Die Uferpromenade zeigt ein Bild des Verfalls: Tauben drängen sich im Schatten von Palmen, während die Stadtbäume an den Gehwegen absterben. Selbst hitzeresistente Palmen zeigen Anzeichen von Verwelkung und verlieren ihre grünen Blätter.

Ärztliche Warnungen und gesundheitliche Risiken

Ärztliche Experten warnen vor den gesundheitlichen Risiken der extremen Temperaturen. Andrea Nakoinz von der Deutschen Allianz Klimawandel und Gesundheit erklärt, dass bei hoher Luftfeuchtigkeit der Körper nicht mehr in der Lage ist, sich durch Schwitzen abzukühlen. „Hitze über 40 Grad über mehrere Stunden kann tödlich sein“, warnt sie. Die klimatisierten Gebäude bieten keine langfristige Lösung, da die trockene Luft der Klimaanlagen die Atemwege schädigen kann.

Die Abhängigkeit von fossilen Brennstoffen

Kuwaits wirtschaftliche Abhängigkeit von Öl ist ein zentrales Dilemma. Der Ölexport, der seit der Entdeckung der Vorkommen im Jahr 1938 für Wohlstand gesorgt hat, hat die Gesellschaft in eine Abhängigkeit geführt, die angesichts der Klimakrise nicht länger tragbar ist. Der Anteil erneuerbarer Energien in Kuwait soll bis 2030 auf 15 Prozent steigen, doch die Realität sieht anders aus: Der Anteil an erneuerbaren Energien betrug zuletzt nur 0,2 Prozent.

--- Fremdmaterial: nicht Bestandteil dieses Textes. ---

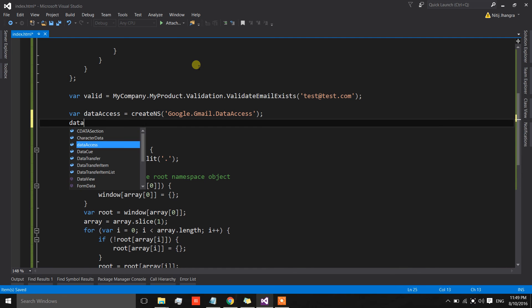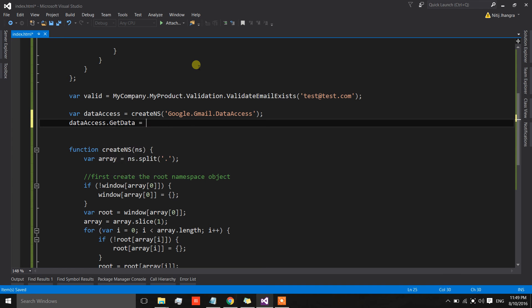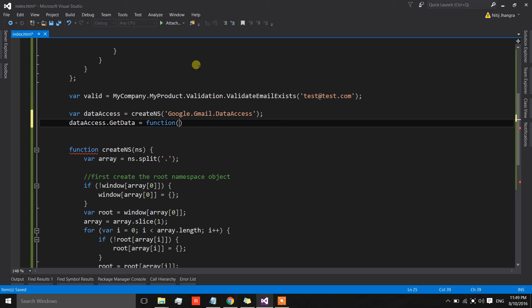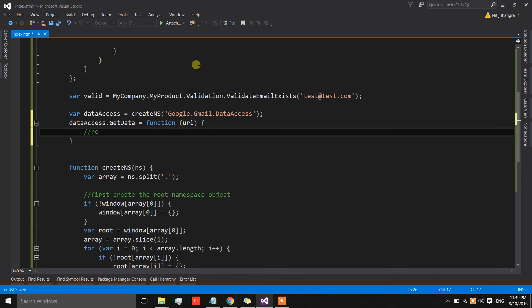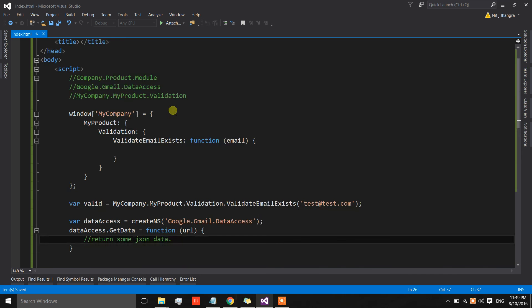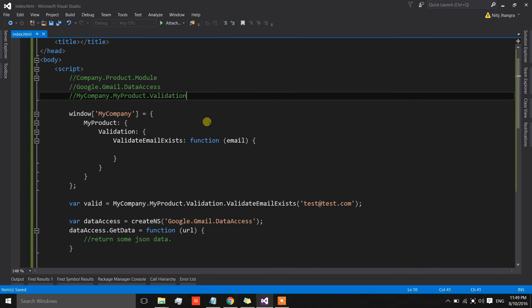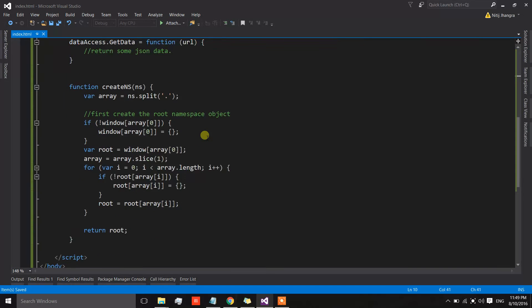Once the namespace is created, we can add functions as its properties. For example, 'dataAccess' can have a 'getData' function that accepts a URL and returns some JSON data. Similarly, we can create more namespaces for events, business logic, shared data, metadata, and so on.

Die subventionierten Benzinpreise machen das Autofahren in Kuwait extrem günstig. Ein Liter Benzin kostet umgerechnet weniger als ein Liter Cola, was dazu führt, dass viele Menschen ihre Autos auch bei kurzen Stopps laufen lassen, um die Innenräume kühl zu halten. Diese Gewohnheiten tragen zur hohen Luftverschmutzung und zu einem steigenden Energieverbrauch bei.

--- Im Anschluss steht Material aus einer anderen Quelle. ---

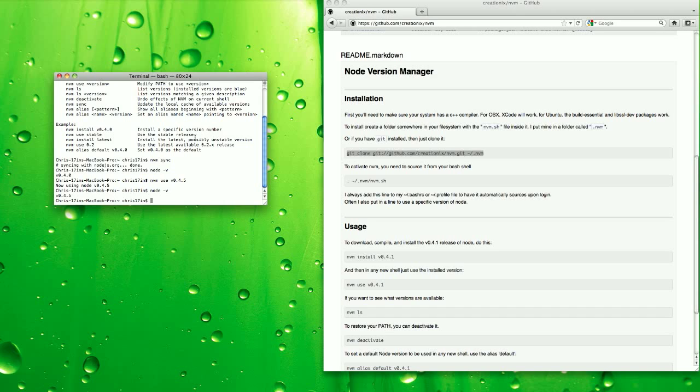So nvm is a good way to keep up with node since it progresses rapidly. And that's the end of the tutorial.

Die sozialen Auswirkungen der Hitze

Die sozialen Ungleichheiten in Kuwait werden durch die Hitze verstärkt. Die ärmsten Bevölkerungsschichten, insbesondere Arbeitsmigranten aus Indien und Sri Lanka, sind am stärksten betroffen. Diese Menschen, die einen Großteil der Arbeitskräfte in Kuwait ausmachen, sind gezwungen, unter extremen Bedingungen zu arbeiten, oft auch während der heißesten Stunden des Tages. Trotz gesetzlicher Regelungen, die Arbeiten im Freien während der Mittagshitze verbieten, wird dieses Verbot häufig missachtet.

Am Fischmarkt sind Arbeiter bei 48 Grad Celsius aktiv, um ihren Lebensunterhalt zu sichern. Hamid Mohammed Issa, ein Fischer, der seit 42 Jahren in Kuwait arbeitet, beschreibt die schwierigen Bedingungen: „Was soll ich machen? Ich muss mein Brot verdienen.“ Diese Geschichten verdeutlichen die Herausforderungen, mit denen viele Menschen in Kuwait konfrontiert sind, während sie versuchen, in einer zunehmend unbewohnbaren Umgebung zu überleben.

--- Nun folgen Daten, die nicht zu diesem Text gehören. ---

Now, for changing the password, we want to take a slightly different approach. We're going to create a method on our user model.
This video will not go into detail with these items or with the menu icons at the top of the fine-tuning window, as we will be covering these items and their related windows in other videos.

Die Situation in Kuwait ist ein eindringliches Beispiel für die globalen Herausforderungen des Klimawandels. Die extremen Temperaturen und deren Auswirkungen auf die Gesellschaft, die Umwelt und die Wirtschaft sind ein Weckruf für die internationale Gemeinschaft, die Notwendigkeit einer nachhaltigen Entwicklung und den Übergang zu erneuerbaren Energien zu erkennen.

Die Zukunft Kuwaits und anderer heißer Regionen hängt von der Fähigkeit ab, sich an die veränderten klimatischen Bedingungen anzupassen und gleichzeitig die Abhängigkeit von fossilen Brennstoffen zu verringern. Nur durch umfassende Maßnahmen zur Bekämpfung des Klimawandels kann eine lebenswerte Zukunft für kommende Generationen sichergestellt werden.

Quellen: ZEIT ONLINE, Kurier, MT.de.